La femme a secoué de nouveau la tête.
— Je suis un construct de service intraformat pour examen des systèmes Impacteur Un, au physique basé sur le lieutenant-colonel Lucia Mataran, du haut commandement du Protectorat.
— Avec des cheveux pareils ? Vous plaisantez !
— J’ai toute latitude pour certaines fantaisies. Voulez-vous que je vous génère un idéal interpersonnel ?
L’idée était aussi tentante que celle d’un format à ratio élevé. Mais après six semaines en compagnie des commandos Impacteurs, forts en gueule et assez frustes, j’avais surtout envie de solitude.
— J’y réfléchirai. Autre chose ?
— Vous avez un briefing enregistré d’Isaac Carrera. Voulez-vous que je le stocke dans la maison ?
— Non, passez-le ici. Je vous appellerai s’il me faut autre chose.
— Comme vous voulez.
Le construct a penché la tête, et a disparu d’un seul coup. À sa place, un homme dans l’uniforme d’apparat noir des Impacteurs. Les cheveux noirs en brosse, striés de gris. Un visage de patricien, ridé, dont les yeux noirs et les traits tannés paraissent à la fois durs et compréhensifs. Et sous l’uniforme, le corps d’un officier que l’âge n’avait pas écarté du champ de bataille. Isaac Carrera, ex-capitaine du commandement vide, décoré, puis fondateur de la force de mercenaires la plus crainte dans le Protectorat. Soldat, commandant et tacticien exceptionnel. À l’occasion, quand il n’avait rien d’autre à faire, politicien convenable.

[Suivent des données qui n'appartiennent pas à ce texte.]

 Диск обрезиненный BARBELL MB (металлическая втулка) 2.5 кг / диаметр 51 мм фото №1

— Bonjour, lieutenant Kovacs. Désolé de n’être présent qu’en enregistrement, mais Evenfall nous laisse dans une situation délicate, et je n’ai pas le temps d’installer un lien. Le rapport médical dit que votre enveloppe peut être réparée dans une dizaine de jours, aussi n’allons-nous pas lancer une opération de clonage. Je veux que vous soyez de retour à la Bordure nord dès que possible, mais, en vérité, pour l’instant nous sommes dans une impasse, et ils pourront se passer de vous quelques semaines. Il y a une mise à jour de statut jointe à cet enregistrement, avec les pertes subies lors du dernier assaut. J’aimerais que vous y jetiez un œil pendant que vous serez en virtuel, pour faire fonctionner votre fameuse intuition de Diplo. Dieu sait qu’il nous faudrait quelques idées neuves. Dans un contexte général, avec l’acquisition des territoires de la Bordure, on atteindrait l’un des neufs objectifs nécessaires pour mettre fin à ce…

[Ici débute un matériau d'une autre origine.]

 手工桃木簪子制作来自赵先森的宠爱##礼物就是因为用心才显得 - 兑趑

J’étais déjà en mouvement, remontant toute la jetée, puis la pente jusqu’à la colline la plus proche. Le ciel au-delà était fait de nuages cotonneux, mais pas assez sombres pour annoncer la tempête. Si je montais assez haut, j’aurais une vue encore meilleure du loch.
Derrière moi, le vent emportait la voix de Carrera tandis que je laissais sa projection sur la jetée, articulant ses paroles pour l’air vide, et peut-être les phoques, s’ils n’avaient rien de mieux à faire que l’écouter.